§ **Material provided**:
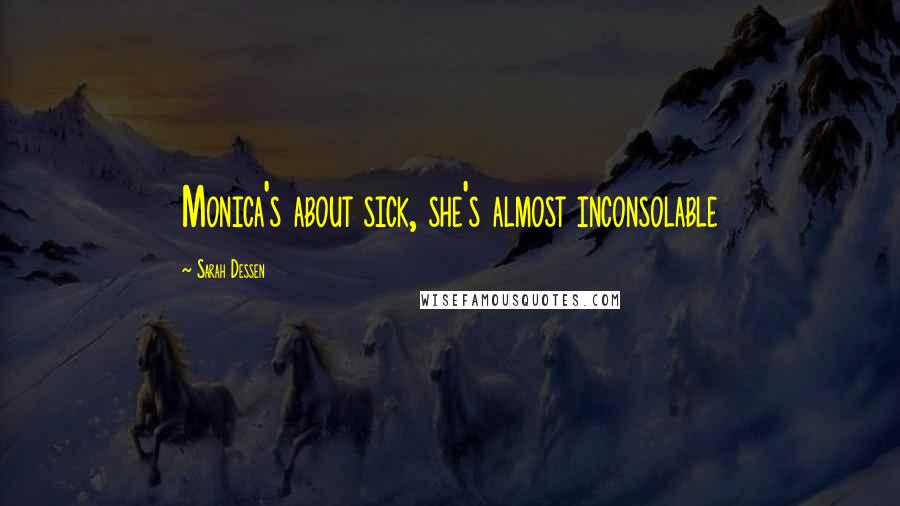 Sarah Dessen Quotes: Monica's about sick, she's almost inconsolable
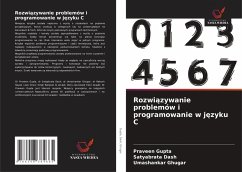 Rozwi¿zywanie problemów i programowanie w j¿zyku C - Gupta, Praveen;Dash, Satyabrata;Ghugar, Umashankar
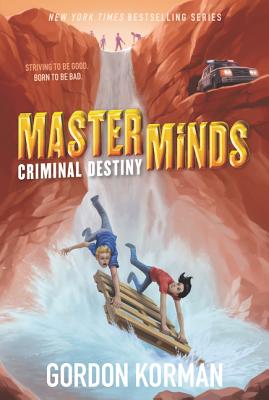 Masterminds: Criminal Destiny - Korman, Gordon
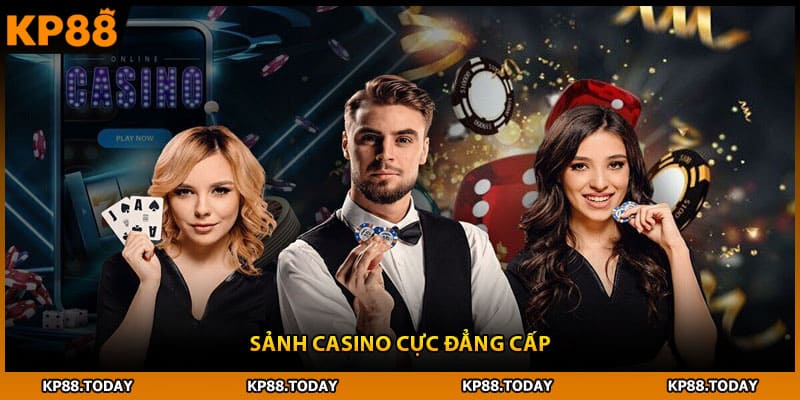Sảnh casino cực đẳng cấp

§ **Exercise instructions**: The data above needs to be retyped exactly, with the images left out.

§ **Answer to the problem**:
 Sarah Dessen Quotes: Monica's about sick, she's almost inconsolable
 Rozwi¿zywanie problemów i programowanie w j¿zyku C - Gupta, Praveen;Dash, Satyabrata;Ghugar, Umashankar
 Masterminds: Criminal Destiny - Korman, Gordon
Sảnh casino cực đẳng cấp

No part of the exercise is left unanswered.